**THE TASK:** Return the records from the first line through the line containing "practitioners Prabhu, S.R.", and leave out the pictures.

**RECORDS FOR THE EXERCISE:**
===============

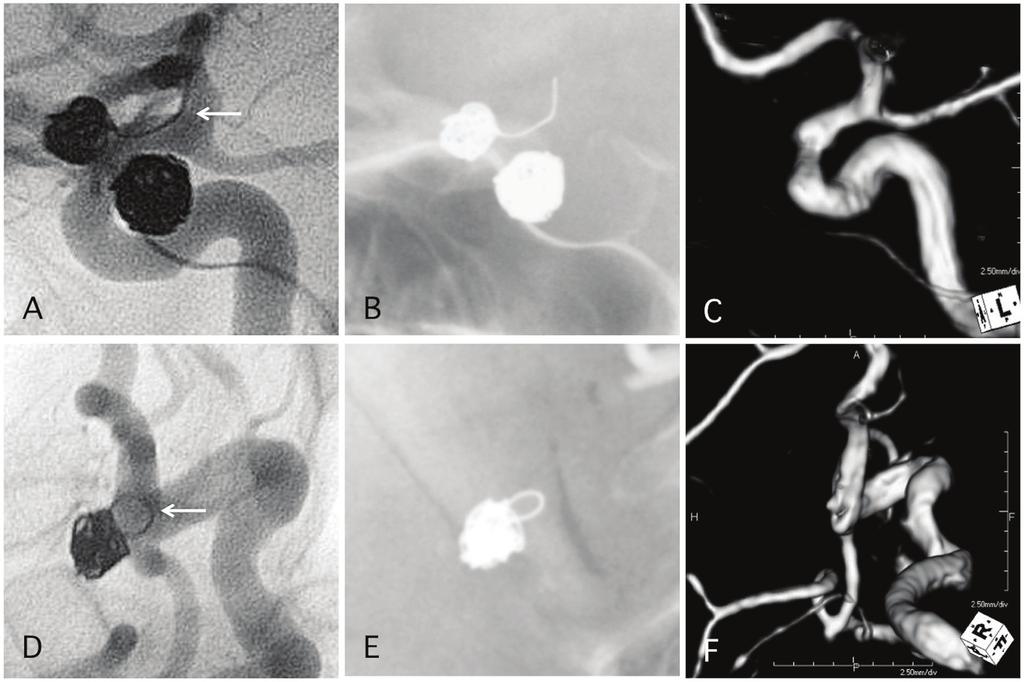Antiplatelet Therapy of Cerebral Aneurysms J Neurol Res. 2016;6(4):72-80 Figure 6. Two representative cases of post-procedural coil protrusion.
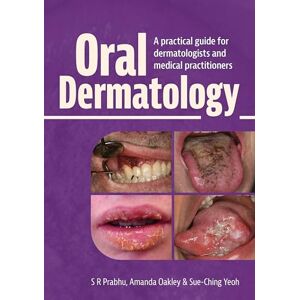 Prabhu, S.R. Oral Dermatology: A practical guide for dermatologists and medical practitioners Prabhu, S.R. Oral Dermatology: A practical guide for dermatologists and medical practitioners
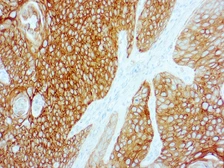 Anti-Cytokeratin 5 + 6 antibody [D5/16 B4] (ready-to-use) used in IHC (Paraffin sections) (IHC-P). GTX17068
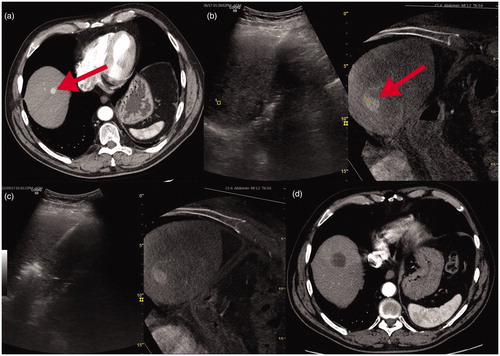 Figure 1. (a) Small HCC node in the liver dome at baseline MDCT evident as focal contrast enhancement (red arrow). (b) US fusion with contrast enhanced CBCT: HCC node is barely detectable with US alone but this visualisation improves due to fused CBCT node visualisation (red arrow). (c) the subsequent needle-antenna deployment and ablation. d-1 month MDCT control.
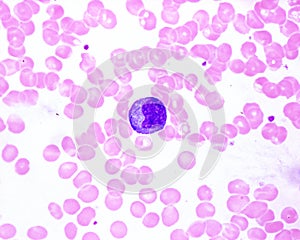 Human blood smear. Monocyte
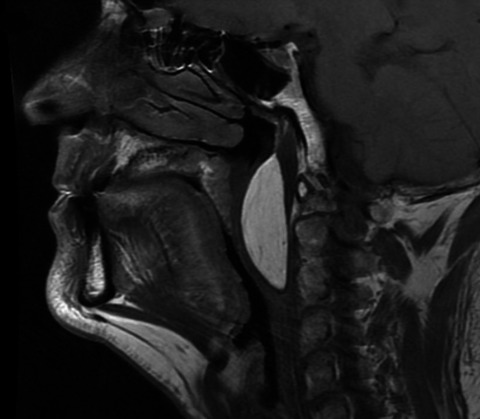 Sleep apnea: Do not forget to inspect the throat!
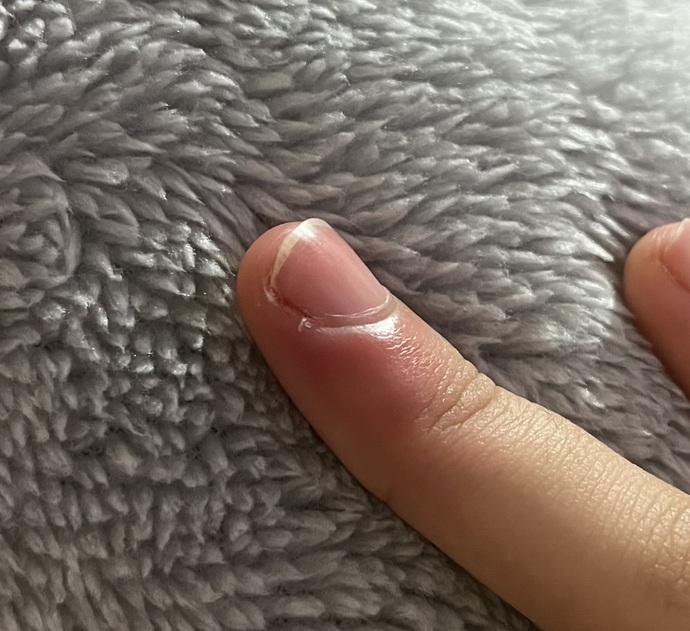 Çok sızlıyor ne yapmam lazım acill?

===============

**WRITTEN REPLY:**
Antiplatelet Therapy of Cerebral Aneurysms J Neurol Res. 2016;6(4):72-80 Figure 6. Two representative cases of post-procedural coil protrusion.
 Prabhu, S.R. Oral Dermatology: A practical guide for dermatologists and medical practitioners Prabhu, S.R. Oral Dermatology: A practical guide for dermatologists and medical practitioners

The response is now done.